While Bloomberg had an important scoop, I think their writeup may be confusing to people who aren’t experts on federal automotive safety law. So here’s a brief explainer on the current state of the law and what the Trump administration—or the new Republican Congress—might change over the next two years.
At the federal level, automotive safety is governed by the National Highway Traffic Safety Administration, which has written regulations called the Federal Motor Vehicle Safety Standards (FMVSS). The FMVSS governs almost every safety-related aspect of vehicle design: brakes, seat belts, headlights, windshields, and so forth.
The FMVSS is performance-based and relies on self-certification. For example, if I’m reading FMVSS standard 105 correctly, a passenger car must be able to brake in less than 150 feet from a starting speed of 50 miles per hour. So before an automaker can introduce a new car model, it must take the vehicle out on a test track, verify that its brakes meet this standard, and certify to NHTSA that it has done so. And it must do similar testing on many other aspects of the car’s performance.
The FMVSS, which has been around since the 1960s, doesn’t have any specific rules for self-driving cars. But it assumes that cars will have human drivers—and hence steering wheels, accelerator and brake pedals, side and rear-view mirrors, and so forth.
In some cases the regulations don’t explicitly require these things—they simply assume they will exist and mention them in related performance standards. Still, it’s probably not possible for a vehicle with no steering wheel or pedals to comply with the FMVSS as currently written. And that’s a problem for companies that are planning to build and deploy such vehicles.

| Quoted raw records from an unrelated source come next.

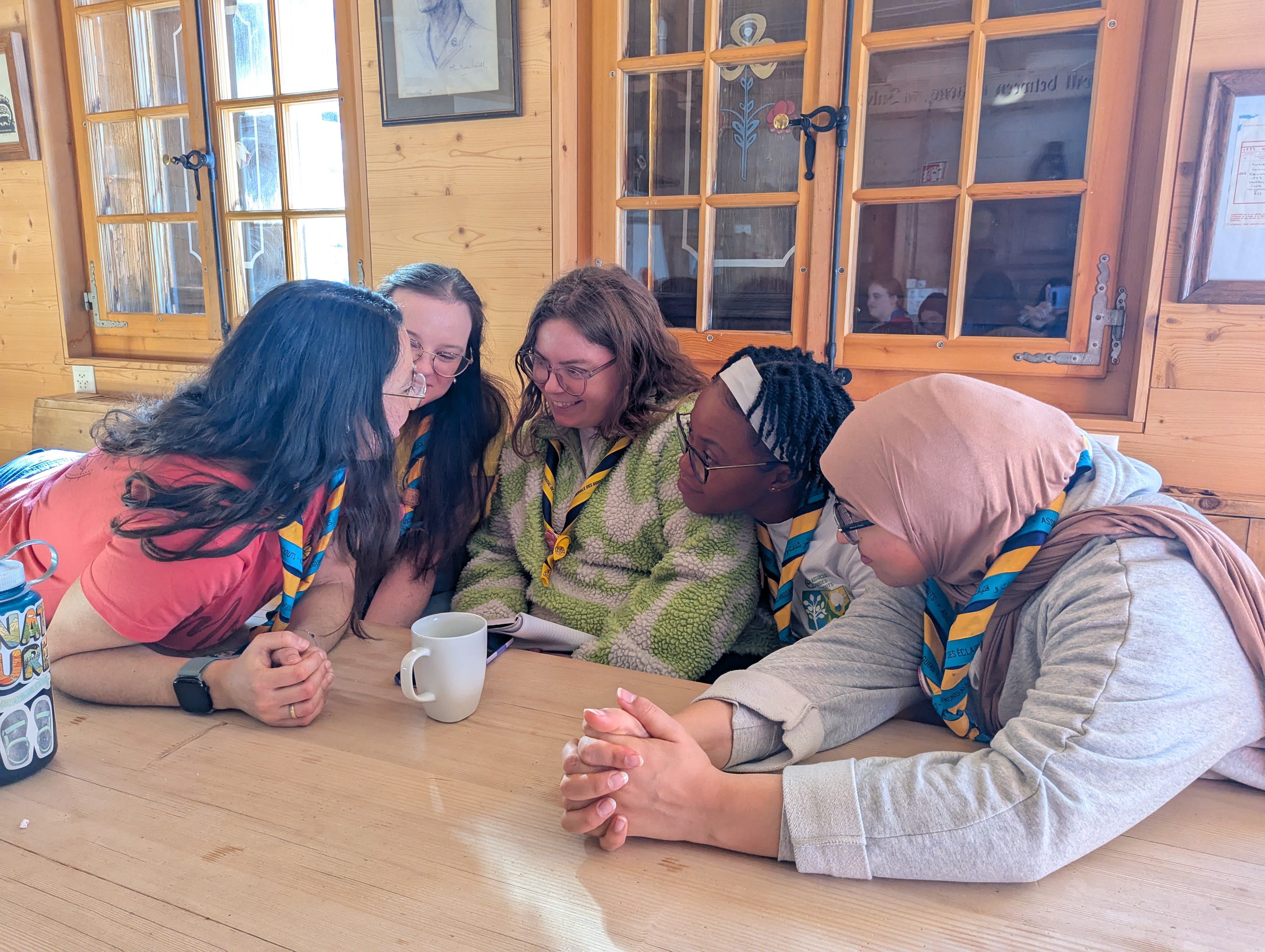 group of young women who are volunteering as facilitators at Our Chalet, huddled around a table having a discussion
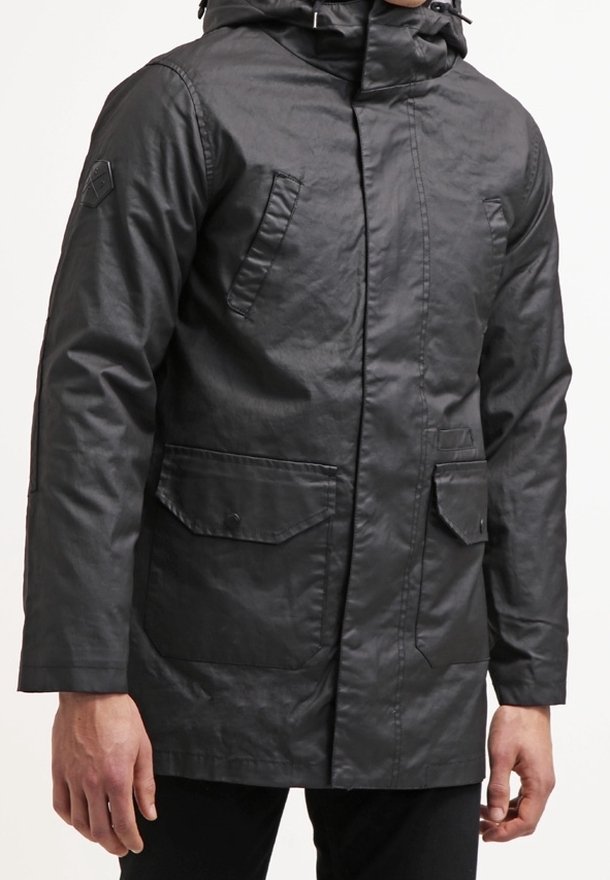 Veste en coton ciré noir à capuche avec fermeture éclair devant, poches à rabat et poches verticales sur la poitrine portée par une personne.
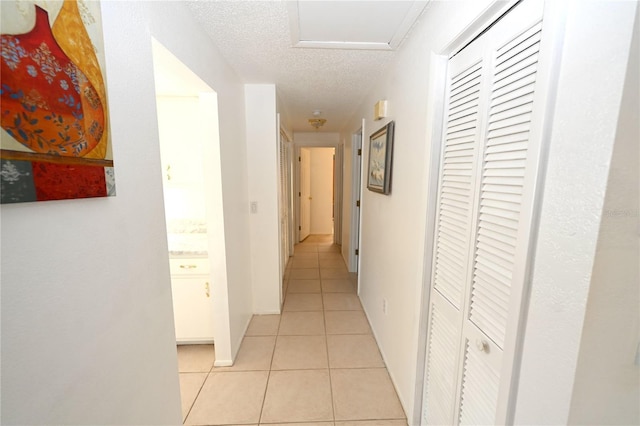 hall with light tile patterned floors and a textured ceiling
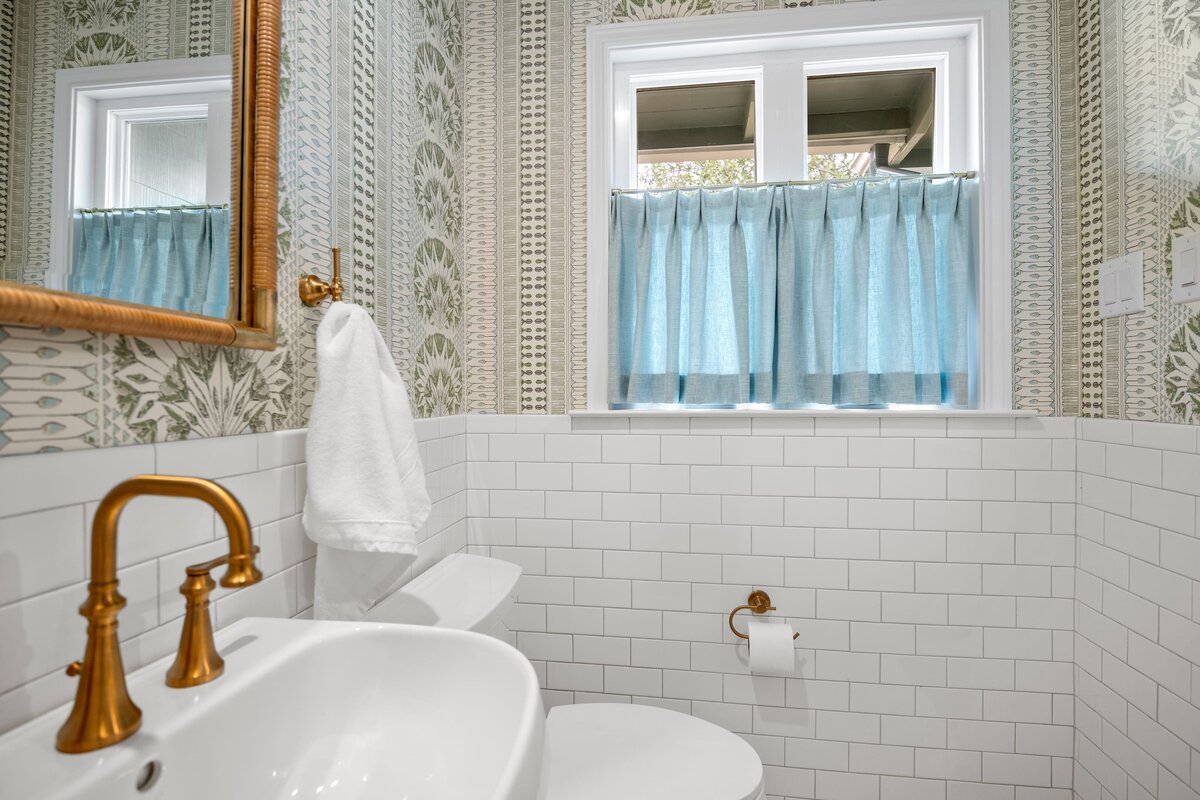 the keeping room interiors oakview half bath with blue curtains on window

A self-driving company can sidestep this issue entirely by building atop a conventional vehicle. Waymo, for example, has been purchasing I-PACE cars from Jaguar and modifying them to be fully self-driving. Because the base vehicle already complies with the FMVSS, Waymo’s robotaxis are automatically compliant. The downside for Waymo is that the driver’s seat has to be kept empty during a ride, reducing the capacity of its robotaxis.
By the same token, Tesla hasn’t had trouble certifying the Model 3 or Model Y as FMVSS-compliant. Because these were primarily designed as human-driven vehicles, they have steering wheels, pedals, mirrors, and other required equipment. That won’t change if and when Tesla pushes out a software update that makes them capable of full self-driving.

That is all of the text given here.